The corrosion resistance of titanium and its alloys is a desirable property for many applications in materials science. In this report, the properties of the passive oxide film (TiO2) were examined by scanning electrochemical microscopy (SECM). A homemade closed-loop scanning electrochemical microscope was used to study these properties at the micrometer scale using ferrocenemethanol (Fc) as the redox mediator. The experimental results showed that the passive properties of a well-polished ASTM Grade-2 titanium (Ti-2) sample differed from region to region as indicated by the different current responses of the ultramicroelectrode (UME) on the SECM images. Selected spots with high feedback tip current were examined more closely by additional scanning.
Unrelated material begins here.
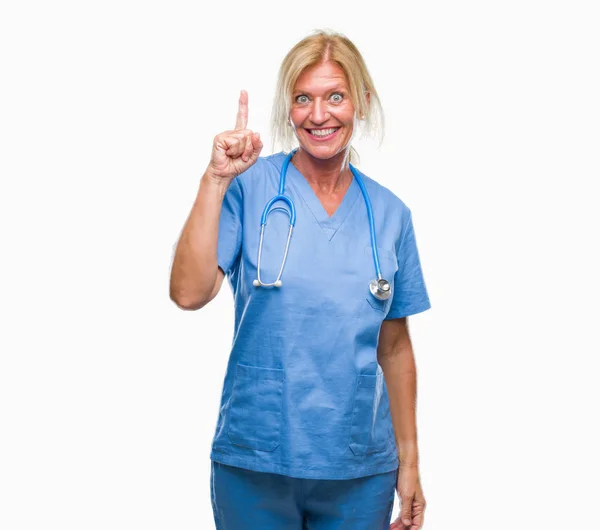Średnim Wieku Kobieta Blonde Pielęgniarka Chirurg Lekarz Białym Tle Wskazując — Zdjęcie stockowe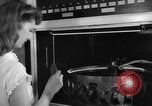 Standbild Moderne Nachkriegszeit Gehäuse trends Nach Zweiten Weltkrieg United States USA, 1945, aus Sekunde 18 historischem Filmmaterial Videoclip 65675042892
It was concluded that active spots with high positive feedback current were indicative of reactive structures located along crystalline grain boundaries, especially at the triple points. This observation is confirmed by comparing SECM results with optical micrographs reported in the literature. Previous metallographic investigations show these are the sites where the impurity iron content of the alloy congregates. This is confirmed by our experiments on scanning electron microscopy and energy dispersive X-ray analysis. For the first time, grain microstructure maps have been constructed on the SECM images, based on the above active sites. The properties of TiO2 films on Ti-2 were also assessed at various applied potentials. The reactivity of the oxide-covered Ti-2 surface increased and more active spots appeared when the Ti-2 bias potential was made more negative. This was attributed to oxide reduction (Ti(IV) to Ti(III)) and the onset of the absorption of hydrogen. The potential at which this change occurred varied at different sites on the scale of the grain structure (20−100 μm). These results demonstrate that SECM is a noninvasive analytical methodology that can provide insights into the structures and reactivities of Ti-2.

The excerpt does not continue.